__EXERCISE DATA__
BEGIN

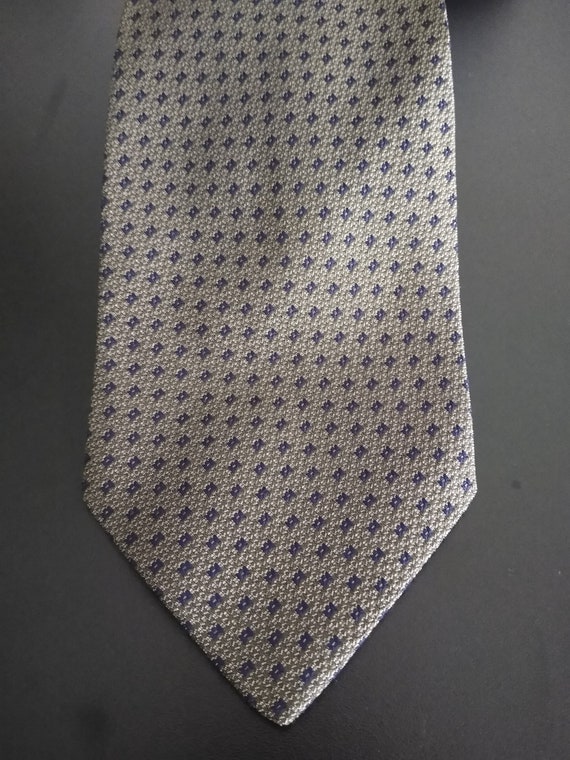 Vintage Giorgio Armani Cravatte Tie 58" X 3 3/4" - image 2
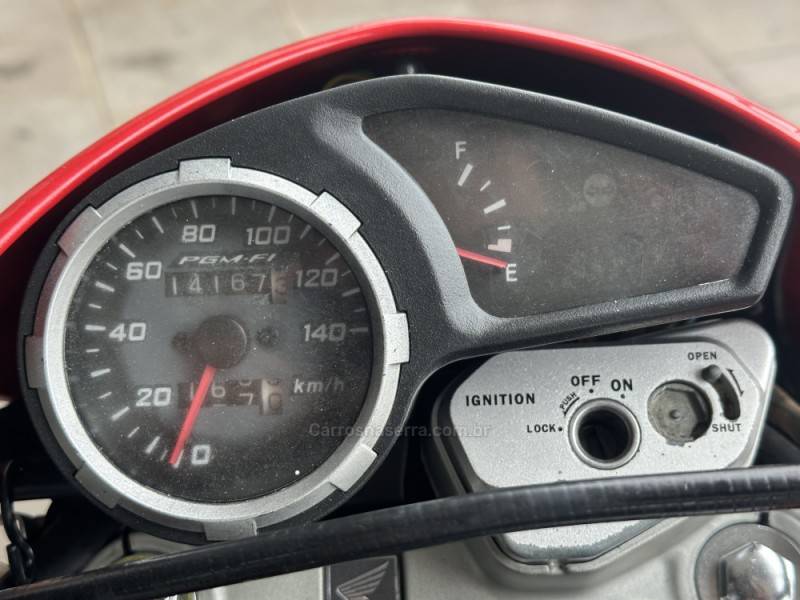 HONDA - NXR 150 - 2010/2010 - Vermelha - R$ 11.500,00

END
BEGIN

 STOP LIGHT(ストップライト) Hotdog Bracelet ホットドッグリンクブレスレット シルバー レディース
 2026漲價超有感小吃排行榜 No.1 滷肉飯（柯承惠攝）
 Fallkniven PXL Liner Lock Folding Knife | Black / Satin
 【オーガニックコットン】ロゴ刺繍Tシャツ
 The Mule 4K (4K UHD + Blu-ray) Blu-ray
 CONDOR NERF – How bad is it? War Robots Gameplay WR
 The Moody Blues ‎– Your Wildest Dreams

END
BEGIN

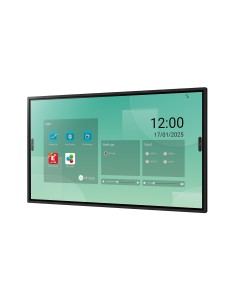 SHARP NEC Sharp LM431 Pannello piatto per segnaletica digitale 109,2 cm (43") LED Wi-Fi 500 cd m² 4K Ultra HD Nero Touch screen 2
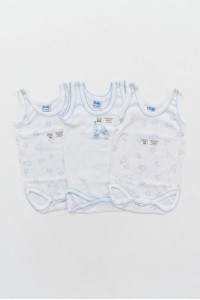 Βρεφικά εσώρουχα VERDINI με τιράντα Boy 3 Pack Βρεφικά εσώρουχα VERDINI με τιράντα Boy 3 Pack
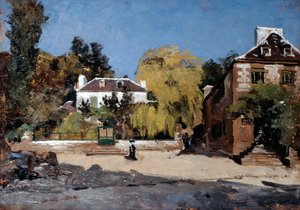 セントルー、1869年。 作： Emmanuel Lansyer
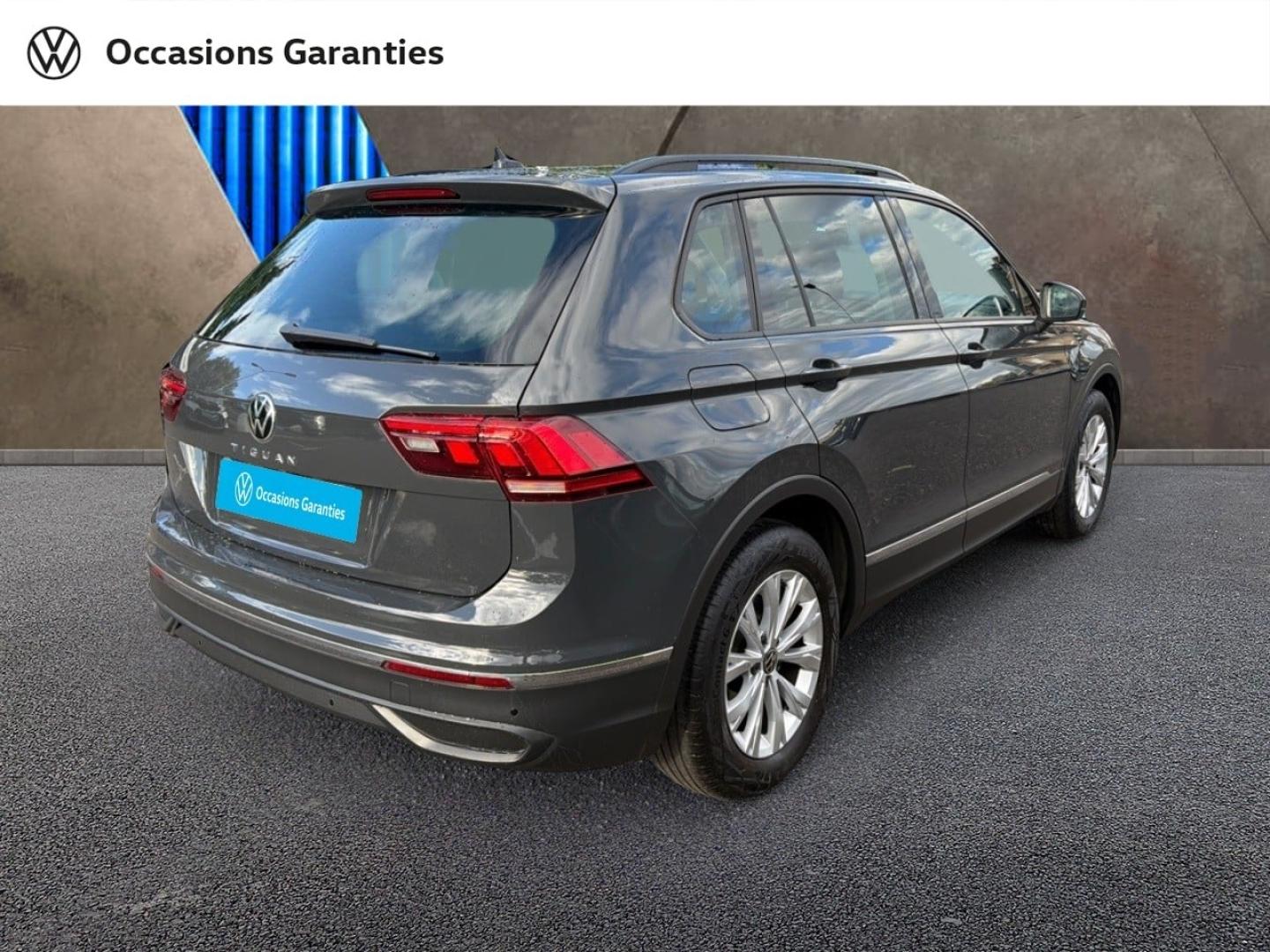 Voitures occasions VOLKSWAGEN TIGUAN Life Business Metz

END

__EXERCISE__
In the entries above, please find the line with "The Mule 4K (4K UHD + Blu-ray) Blu-ray" and the line with "The Moody Blues ‎– Your Wildest Dreams", then write out exactly those two lines and every line between them, and nothing more.

__YOUR SOLUTION__
 The Mule 4K (4K UHD + Blu-ray) Blu-ray
 CONDOR NERF – How bad is it? War Robots Gameplay WR
 The Moody Blues ‎– Your Wildest Dreams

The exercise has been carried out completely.